Kreisbäuerin Sabine Schindler betreibt einen Erlebnisbauernhof im Landkreis Schwandorf. Zudem ist sie die jüngste Kreisbäuerin in Bayern. Nun referierte Schindler beim digitalen Landfrauentag Landshut.

„Die Corona-Pandemie hat unser Leben ordentlich durcheinander gewirbelt. Deshalb nutzen wir heute die moderne Technik und treffen uns online“, begrüßte Kreisbäuerin Angelika Graf alle Bäuerinnen und Landfrauen zum ersten digitalen Landfrauentag. Gleichzeitig freute sie sich über die knapp 170 Teilnehmer, die sich an diesem Nachmittag für die virtuelle Veranstaltung zugeschaltet hatten. Auf das diesjährige Landfrauenjahr blickte Graf optimistisch nach vorne und erklärte: „Ich hoffe, dass wir uns das eine oder andere Mal persönlich sehen können.“

Respekt und Anerkennung zollte den Landfrauen auch Landrat Peter Dreier: „Sie sind Vorbilder und bewältigen eine Vielzahl von Aufgaben in der Familie, auf dem Betrieb und in der Gesellschaft. Wir wissen dies sehr zu schätzen. Denn ohne starke Frauen im Hintergrund würde vieles nicht funktionieren“, erklärte er und dankte allen Zuhörerinnen für ihre Leistungen.

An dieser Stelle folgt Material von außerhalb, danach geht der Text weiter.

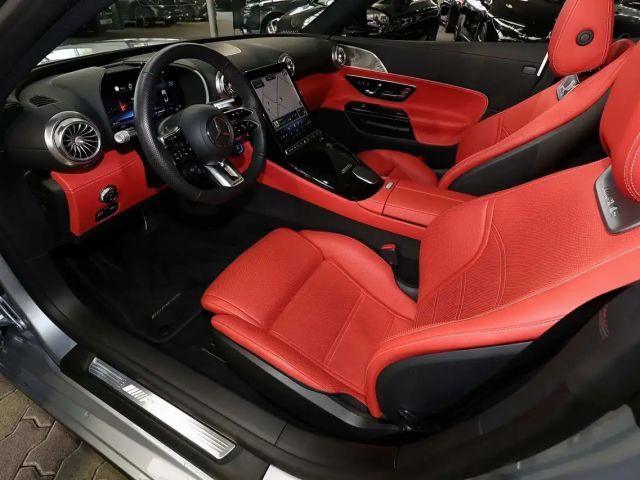 Mercedes-Benz SL 55 AMG 4MATIC+ AMG Line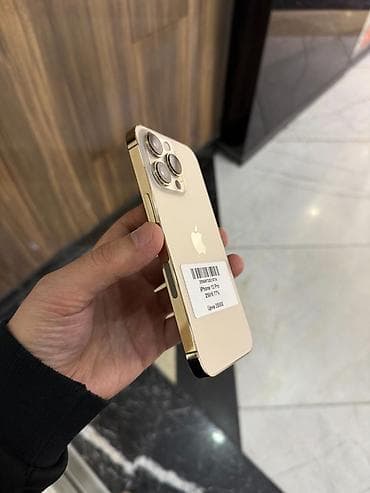 13 про макс цена в бишкеке: IPhone 13 Pro, Б/у, 256 ГБ, Золотой, Защитное стекло, Чехол, 77 % — 7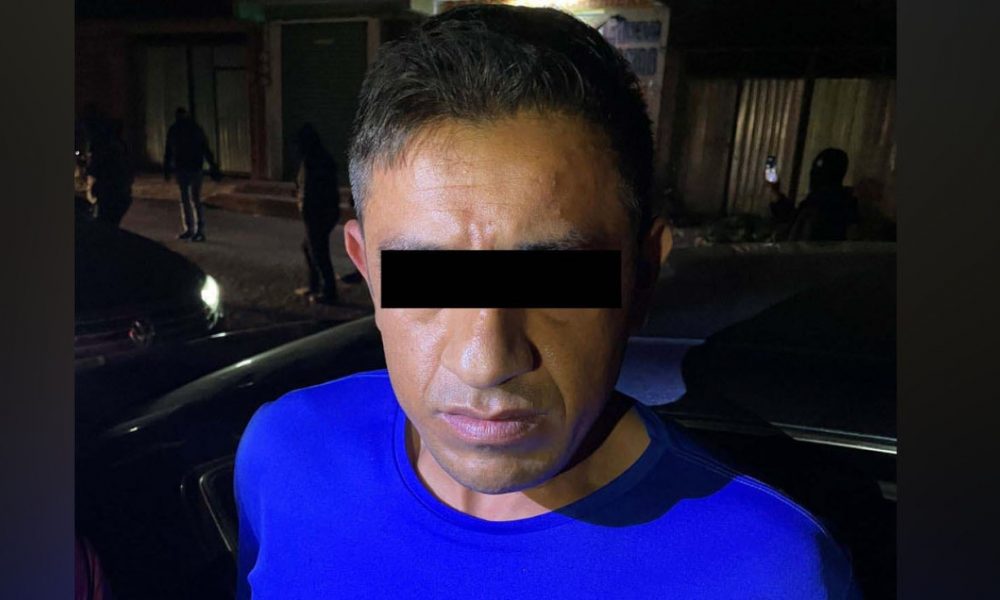 A más de una semana de los hechos, la Secretaría de Seguridad Ciudadana (SSC) detiene a otro presunto implicado en la balacera en el AICM.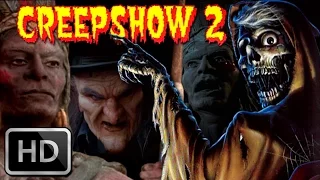 Creepshow 2 (1987) - Trailer in 1080p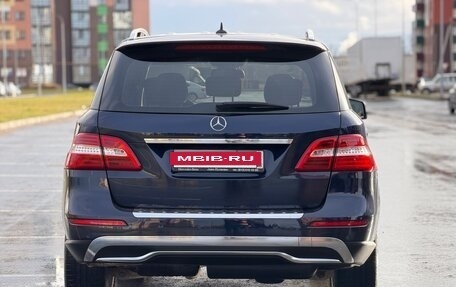 Mercedes-Benz M-Класс, 2015 год, 2 340 000 рублей, 5 фотография
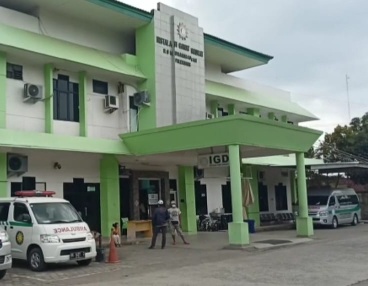 Rumah Sakit Muhammadiyah Palembang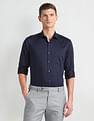 Arrow Auto Press Herringbone Shirt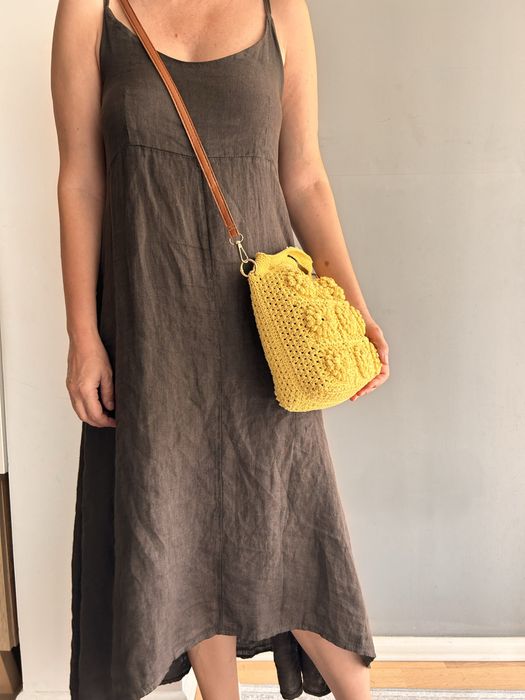 Geanta handmade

Hoffnung auf ein normales Leben hochhalten

Niederbayerns Bezirksbäuerin Irene Waas machte auf das Jahresmotto „Richtig gut leben“ der Landfrauen im Bayerischen Bauernverband aufmerksam. „Seit dem letzten Jahr hat sich durch das Coronavirus viel ereignet“, betonte sie und gab zu bedenken, dass das Leben auf dem Land etwas leichter weiter läuft als in der Stadt. Leider gehe es bei vielen Betrieben um die Existenz. „Trotzdem sollten wir nach vorne schauen und die Hoffnung auf ein normales Leben nicht verlieren“, forderte sie die Frauen auf.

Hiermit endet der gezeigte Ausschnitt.